It isn't a whole answer, but...when I copy'n'paste the Unicode characters "चौरेउत्तमयादव " and then use a couple of tools to analyze what's there, I do not see any spaces:
echo "चौरेउत्तमयादव " | odx
This produces a hex dump of the data; there's a blank at the end, but none in the middle.
0x0000: E0 A4 9A E0 A5 8C E0 A4 B0 E0 A5 87 E0 A4 89 E0 ................
0x0010: A4 A4 E0 A5 8D E0 A4 A4 E0 A4 AE E0 A4 AF E0 A4 ................

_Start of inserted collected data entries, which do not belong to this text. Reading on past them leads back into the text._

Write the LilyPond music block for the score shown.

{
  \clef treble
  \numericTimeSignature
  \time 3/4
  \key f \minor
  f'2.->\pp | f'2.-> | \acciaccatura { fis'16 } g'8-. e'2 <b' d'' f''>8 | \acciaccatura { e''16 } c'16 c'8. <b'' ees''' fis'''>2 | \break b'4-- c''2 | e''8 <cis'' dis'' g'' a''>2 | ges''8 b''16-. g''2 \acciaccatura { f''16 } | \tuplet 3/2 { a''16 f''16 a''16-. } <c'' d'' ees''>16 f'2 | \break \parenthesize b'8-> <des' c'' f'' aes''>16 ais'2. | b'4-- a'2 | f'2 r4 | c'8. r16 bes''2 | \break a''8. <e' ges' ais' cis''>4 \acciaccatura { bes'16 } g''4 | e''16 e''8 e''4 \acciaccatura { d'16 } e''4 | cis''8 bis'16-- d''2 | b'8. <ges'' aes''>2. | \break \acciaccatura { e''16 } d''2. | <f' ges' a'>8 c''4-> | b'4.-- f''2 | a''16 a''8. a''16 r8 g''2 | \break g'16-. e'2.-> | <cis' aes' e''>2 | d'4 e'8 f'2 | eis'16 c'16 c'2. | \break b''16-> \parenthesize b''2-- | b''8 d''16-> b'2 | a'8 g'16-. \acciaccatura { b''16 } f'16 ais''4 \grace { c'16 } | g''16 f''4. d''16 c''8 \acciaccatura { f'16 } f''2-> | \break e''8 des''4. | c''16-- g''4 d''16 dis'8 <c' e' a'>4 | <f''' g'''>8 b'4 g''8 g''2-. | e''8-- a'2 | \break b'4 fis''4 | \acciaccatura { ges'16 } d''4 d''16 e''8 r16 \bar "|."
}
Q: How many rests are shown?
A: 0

0x0020: BE E0 A4 A6 E0 A4 B5 20 0A ....... .
0x0029:
And the second command decodes UTF-8 data:
echo "चौरेउत्तमयादव " | utf8-unicode
It produces:
0xE0 0xA4 0x9A = U+091A
0xE0 0xA5 0x8C = U+094C
0xE0 0xA4 0xB0 = U+0930
0xE0 0xA5 0x87 = U+0947
0xE0 0xA4 0x89 = U+0909
0xE0 0xA4 0xA4 = U+0924
0xE0 0xA5 0x8D = U+094D
0xE0 0xA4 0xA4 = U+0924
0xE0 0xA4 0xAE = U+092E
0xE0 0xA4 0xAF = U+092F
0xE0 0xA4 0xBE = U+093E
0xE0 0xA4 0xA6 = U+0926
0xE0 0xA4 0xB5 = U+0935
0x20 = U+0020
0x0A = U+000A
So, it seems that your problem might be with the input to 'toEscapedUnicode' rather than with its output.

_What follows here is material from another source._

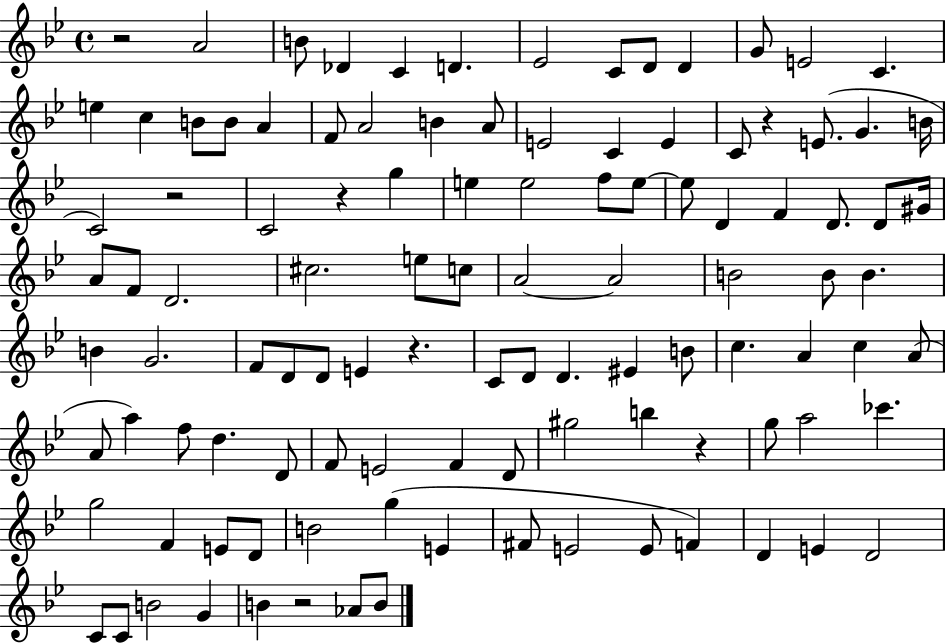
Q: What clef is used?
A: treble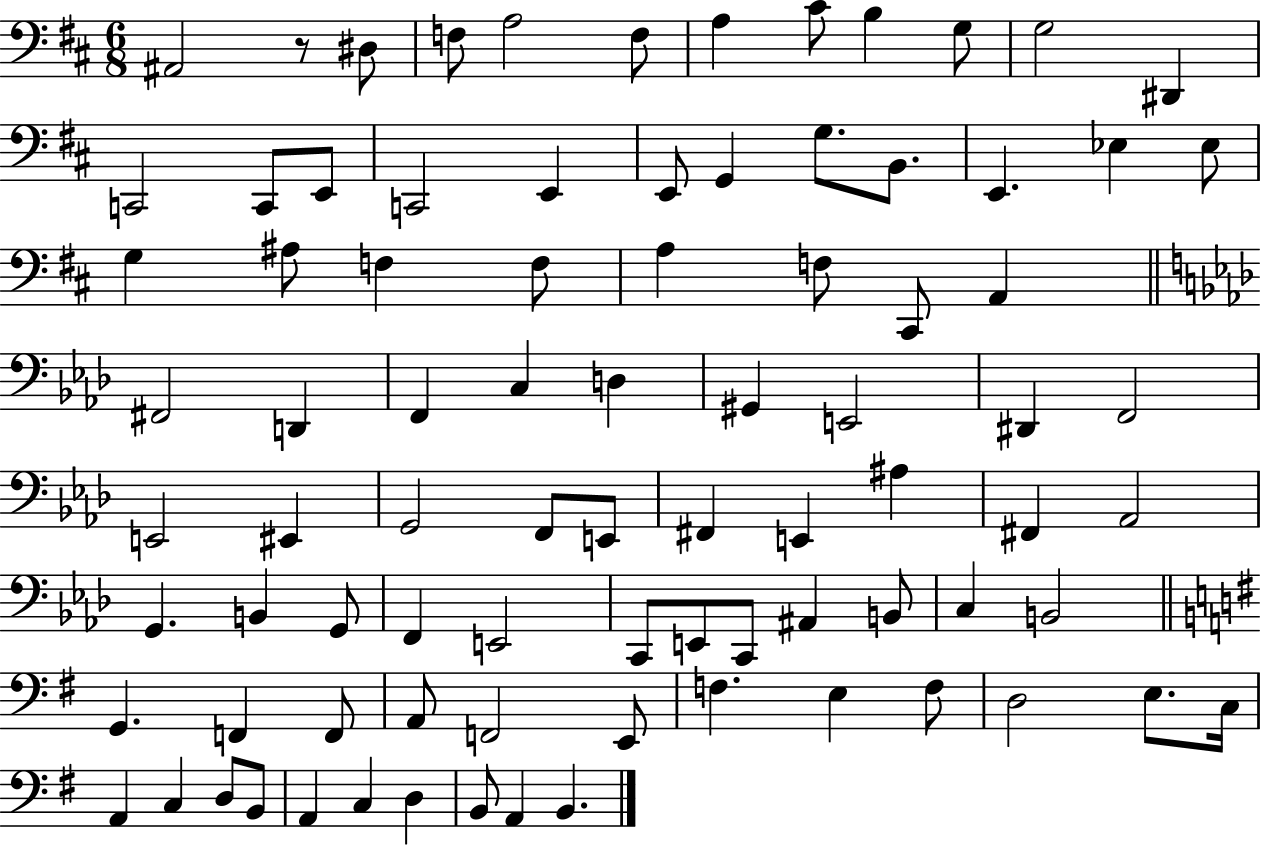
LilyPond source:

Also, it seems that what I copy'n'paste from the question doesn't match what you say is in the string:
Yours Mine
\u0938 U+091A
\u0941 U+094C
\u0916 U+0930
\u091A U+0947
\u0948 U+0909
\u0928 U+0924
\u093E U+094D
\u0928 U+0924
\u0940 U+092E
\u0020
\u0930 U+092F
\u0940 U+093E
\u091D U+0926
\u0941 U+0935
\u092E
\u0932
\u0020
\u091C
\u093F
\u0935
\u0924
So, the pasted text does not match the claimed translation for other reasons too.

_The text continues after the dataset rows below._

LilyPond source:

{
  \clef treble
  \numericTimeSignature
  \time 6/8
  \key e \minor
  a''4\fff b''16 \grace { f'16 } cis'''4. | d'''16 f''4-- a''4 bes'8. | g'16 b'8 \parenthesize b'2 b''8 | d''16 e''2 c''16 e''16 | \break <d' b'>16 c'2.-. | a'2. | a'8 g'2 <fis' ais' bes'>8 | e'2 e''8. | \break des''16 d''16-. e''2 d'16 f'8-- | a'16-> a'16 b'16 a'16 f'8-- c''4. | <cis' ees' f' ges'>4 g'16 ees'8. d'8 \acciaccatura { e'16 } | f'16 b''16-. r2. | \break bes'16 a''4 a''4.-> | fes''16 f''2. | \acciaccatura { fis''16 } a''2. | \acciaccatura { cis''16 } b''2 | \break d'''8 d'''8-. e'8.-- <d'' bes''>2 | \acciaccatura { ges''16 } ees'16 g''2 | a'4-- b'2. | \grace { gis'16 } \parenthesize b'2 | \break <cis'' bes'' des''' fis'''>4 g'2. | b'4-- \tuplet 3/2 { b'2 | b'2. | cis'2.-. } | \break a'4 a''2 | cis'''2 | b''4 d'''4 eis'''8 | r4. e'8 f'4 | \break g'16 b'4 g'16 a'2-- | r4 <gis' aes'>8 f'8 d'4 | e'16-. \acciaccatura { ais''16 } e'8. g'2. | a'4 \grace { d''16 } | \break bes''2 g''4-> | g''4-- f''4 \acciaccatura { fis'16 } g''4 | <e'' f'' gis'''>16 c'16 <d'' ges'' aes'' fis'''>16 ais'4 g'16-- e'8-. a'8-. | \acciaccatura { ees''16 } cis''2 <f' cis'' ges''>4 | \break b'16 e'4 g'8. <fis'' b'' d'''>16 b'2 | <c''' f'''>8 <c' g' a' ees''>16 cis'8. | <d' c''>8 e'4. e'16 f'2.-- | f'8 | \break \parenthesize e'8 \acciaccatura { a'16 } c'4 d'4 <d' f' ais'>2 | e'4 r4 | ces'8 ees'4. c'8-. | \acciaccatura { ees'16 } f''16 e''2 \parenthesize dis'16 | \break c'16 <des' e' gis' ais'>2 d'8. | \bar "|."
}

I believe that the Unicode string you specify should look like:
सुखचैनानी रीझुमल जिवतराम
I used a file containing the values you claimed, minus the \u
prefixes and with 0020 in place of the blanks:
0938
0941
0916
091A
0948
0928
093E
0928
0940
0020
0930
0940
091D
0941
092E
0932
0020
091C
093F
0935
0924
0930
093E
092E
And then I used this pure home-brew Perl script to generate the UTF-8 string I propose as the equivalent of your escaped Unicode string. I'm sure there are mechanisms available in Perl to do it otherwise (using Unicode-related modules), but this worked for me. It would be less verbose if I didn't leave the debug code in there):
#!/bin/perl -w
use strict;
use constant debug => 0;
while (<>)
{
chomp;
my $i = hex;
printf STDERR "0x%04X = %4d\n", $i, $i if debug;
if ($i < 0x100)
{
# 1-byte UTF-8
printf STDERR " 0x%02X (%3d)\n", $i, $i if debug;
printf "%c", $i;
}
elsif ($i < 0x800)
{
# 2-byte UTF-8
my($b1) = 0xC0 | (($i >> 6) & 0xFF);
my($b2) = 0x80 | ($i & 0x3F);
printf STDERR " 0x%02X (%3d)\n", $b1, $b1 if debug;
printf STDERR " 0x%02X (%3d)\n", $b2, $b2 if debug;
printf "%c%c", $b1, $b2;
}
elsif ($i < 0x10000)
{
# 3-byte UTF-8
my($b1) = 0xE0 | (($i >> 12) & 0xFF);
my($b2) = 0x80 | (($i >> 6) & 0x3F);
my($b3) = 0x80 | ( $i & 0x3F);
printf STDERR " 0x%02X (%3d)\n", $b1, $b1 if debug;
printf STDERR " 0x%02X (%3d)\n", $b2, $b2 if debug;
printf STDERR " 0x%02X (%3d)\n", $b3, $b3 if debug;
printf "%c%c%c", $b1, $b2, $b3;
}
else
{
# 4-byte UTF-8 or error
die "Oh bother!";
}
}
print "\n";
You can fill in the 4-byte UTF-8 and error handling stuff. I don't diagnose invalid UTF-8 sequences (notably the UTF-16 surrogates), so if you put bogus Unicode data points in, you will get bogus UTF-8 values out of the script. If you need to know more about that, read Chapter 3 of the Unicode book (available for download - as a chapter - from Unicode.org) or the FAQ - UTF-8, UTF-16, UTF-32 and BOM.